Injuries and violence kill more young people in the U.S. than any other cause of death. The burden of these deaths varies enormously by race, ethnicity and social class. Deaths by homicide, for instance, are more than nine times more prevalent among blacks than among non-Hispanic whites, and homicide deaths are three times more common among American Indians and Alaskan Natives than among non-Hispanic whites under age 30:
Age-adjusted suicide and homicide deaths per 100,000 by race and ethnic origin in the year 2011 among those ages 0 to 29 in 17 states tracked in the CDC’s Web-based Injury Statistics Query and Reporting System (WISQARS).
Life expectancy numbers show that the unequal burden is stark. Homicide takes two full years off the expected life span of black males in Los Angeles County and homicide subtracts nearly five years from the expected life span of black males in some low-income urban areas of Los Angeles.
The most dangerous counties in the United States have violent death rates that are more than 10 times higher than the safest counties. As you can see in the map below, rates vary from less than 10 to more than 100 violent deaths per 100,000 population, based on homicides, police shootings, and suicides in the years 2004 through 2010. (Counties with rates based on 20 or fewer deaths are unreliable and are marked as suppressed.)
Credible evidence supports claims that the excess deaths are partly a consequence of the kind of society we have built, a society that marginalizes certain classes of people, depriving them of high-quality education, job opportunities, and healthy neighborhood living conditions. A Lancet paper, written by researchers from the Centers for Disease Control and Prevention, explains:
Young people growing up in communities with concentrated disadvantage are more likely to witness violence, attend underperforming schools, and have poor employment opportunities; they are also more likely to be exposed to drug-distribution networks and can access firearms more readily than can young people not growing up in such communities.

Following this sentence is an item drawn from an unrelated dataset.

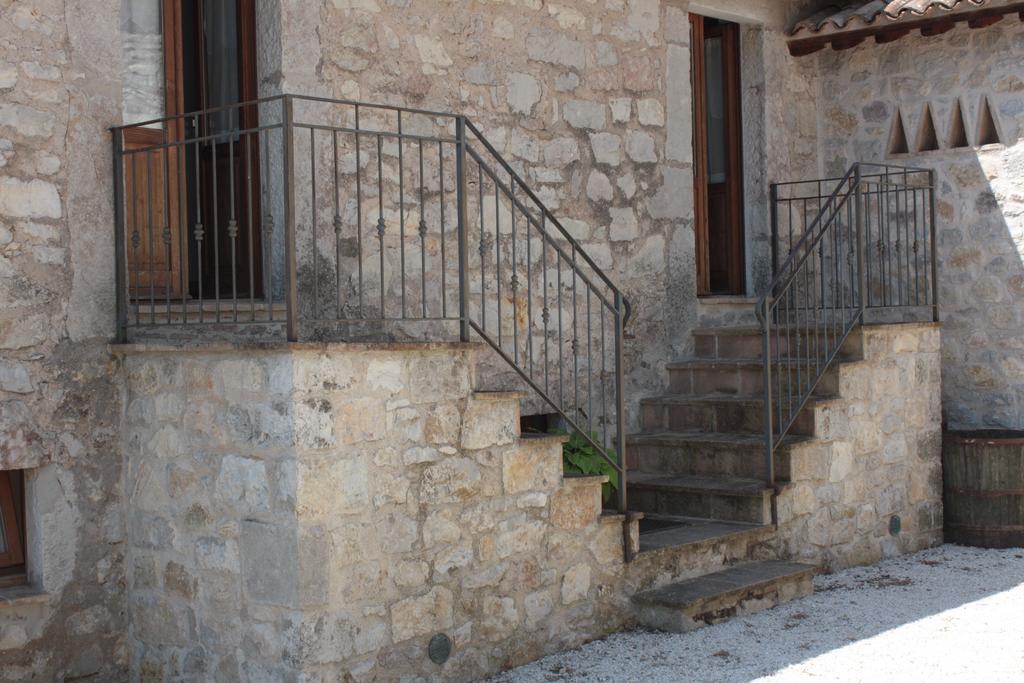 Il Vallone Di Melezzole Villa Buitenkant foto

These social and environmental factors can greatly increase an individual's risk of perpetrating violence and being a victim of violence. Thus, the link between socioeconomic status and injury is mediated by many conditions at home, at work, in communities, and within families and groups, with variations in effects noted across different types of injury. Social and economic factors fuel stress; challenge adaptation and coping mechanisms; contribute to social exclusion and isolation, residential instability, workplace pressures, and low community participation; and affect access to safe environments, safety equipment, and services. These factors can accumulate and interact to substantially affect experiences and risks.
Some research suggests that neighborhood environment largely explains the racial and socioeconomic differences in death rates. A study of homicide risk in Atlanta in the 1970s, for instance, found no differences in homicide by race when household crowding was used as a measure of neighborhood socioeconomic conditions. In a Los Angeles study published in 2010, 75 percent of the neighborhood variation in homicide’s impact on life expectancy could be predicted from neighborhood poverty levels.

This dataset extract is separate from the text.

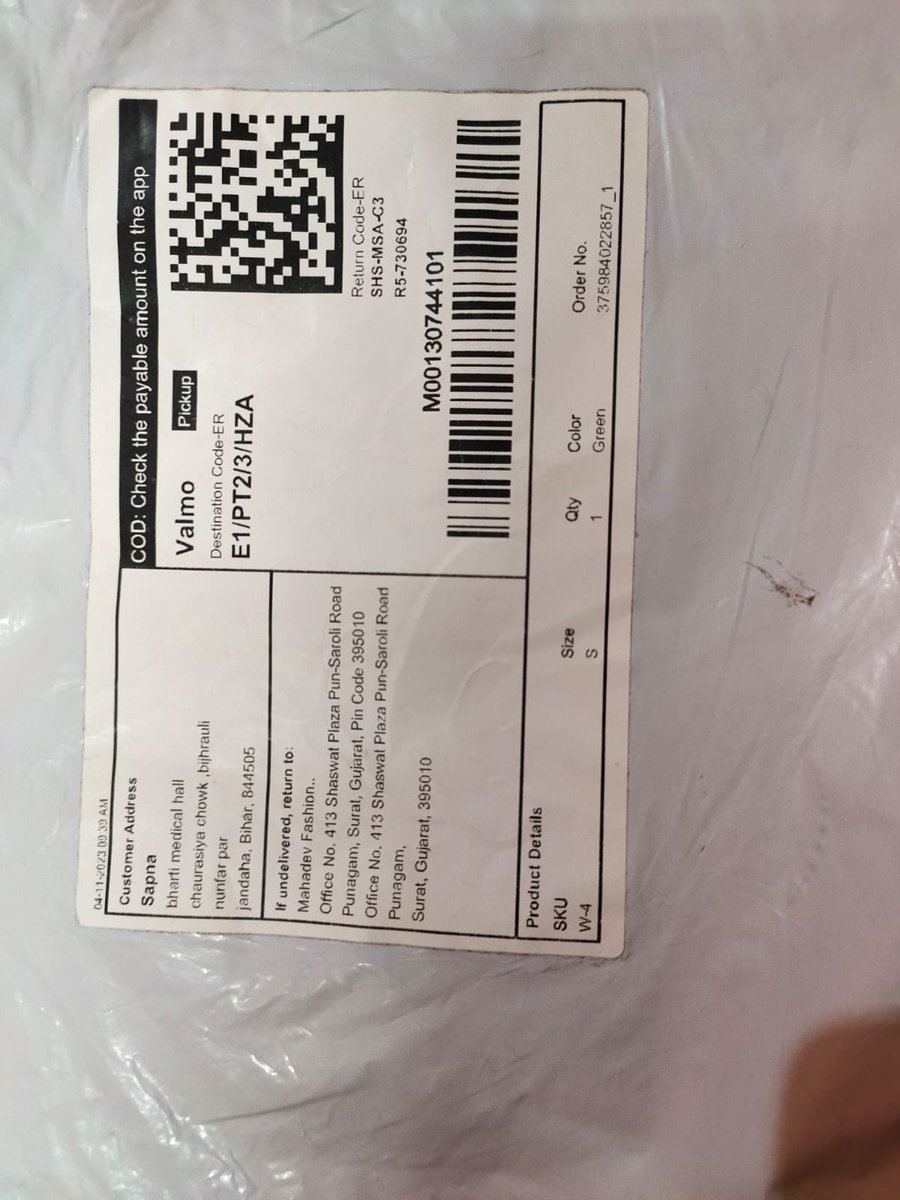 avi_kishor's tweet photo. @Meesho_Official , I had ordered a product and got it. Now , I want to return it but couldn't return it because in the order details section, the product is still in transit status but I had got the product. Plz resolve the problem. https://t.co/vLpRefKtME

Higher socioeconomic status may not protect the health of people who are well off when they live in poor environments. Regardless of your socioeconomic status, you are more likely to die of an injury if you live in an area with high poverty levels. The study that reached that conclusion found no link between individual social position and suicide, but a 50 percent increased risk of suicide for people living in neighborhoods with low socioeconomic status, high concentration of racial groups, and high residential and family instability.
Note how the risk of violent injury (and other injuries) rose with each step of decreasing neighborhood socioeconomic status in a ten-year study of hospitalizations in Memphis, Tenn., and surrounding Shelby County:
Some authorities say it might be best to target prevention efforts (e.g. public awareness campaigns, community policing, increased police patrols, collaborative involvement of neighborhood associations and local businesses) on high-risk neighborhoods, rather than diluting limited resources over a broader population or geographic area.
Others say that the U.S. needs to do more to confront the root causes of the inequality with strategies that reduce bias and discrimination and improve access to employment, safe housing, and high-quality education.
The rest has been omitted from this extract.